GR-1, a language-conditioned vision Transformer pretrained on Ego4D-style video, acts as the world model. Its frozen visual encoder produces 384-dimensional class-token features; its one-step prediction head supplies the dreamed next state. The RAID decoder takes the (current, dreamed) feature pair and produces a continuous 7-DOF action through three components operating in parallel: a parametric MLP trunk for a direct action estimate, a cross-attention prior that retrieves the top-3 most similar transitions from a cosine-similarity memory bank and pools their actions, and a per-dimension sigmoid gate that learns how much to trust retrieval versus the trunk for each action coordinate independently.

Results

At 25 demonstrations on LIBERO-Spatial, RAID achieves a normalized validation MSE of 0.131 versus 0.852 for a direct MLP — a 6.5× improvement.

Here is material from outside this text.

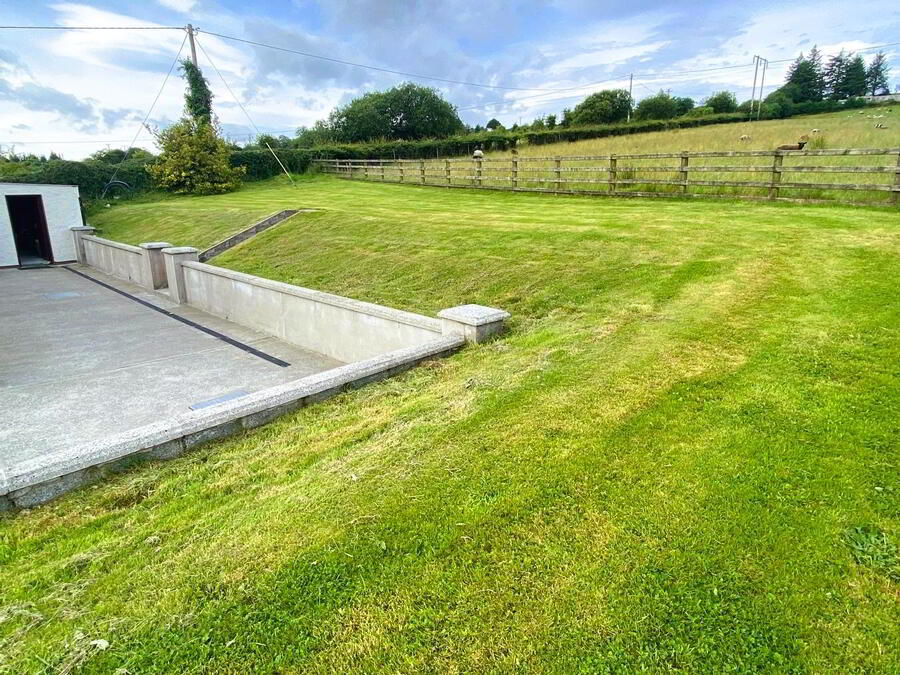 'Ponderosa', Lettermore 16 of 17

The retrieval advantage persists across all tested scales up to 200 demonstrations, though the gap narrows as the direct model accumulates more data. This positions RAID primarily as a sample-efficiency mechanism: retrieval helps most when parametric training signal is scarce. A 195-update GRPO fine-tuning run from the 200-demo checkpoint reached best mean reward 1.226 and intermittent 25% task success, confirming that the behavior-cloned RAID policy can be improved through closed-loop simulator interaction.

Why GR-1 matters

Earlier experiments across 53 conditions and 171 runs using DINOv2 and SigLIP features showed no consistent retrieval benefit — RAID matched or trailed the direct MLP on both RoboMimic and pooled LIBERO under those encoders. The switch to GR-1 changed the picture entirely. GR-1's pretraining objective — predicting future image features — is precisely what produces the temporal-delta signal the cross-attention head needs. Without that signal, retrieval has no traction. With it, the attention places most of its weight on a single coherent neighbor and supplies a cleaner action template than the parametric trunk can learn from only 25 trajectories.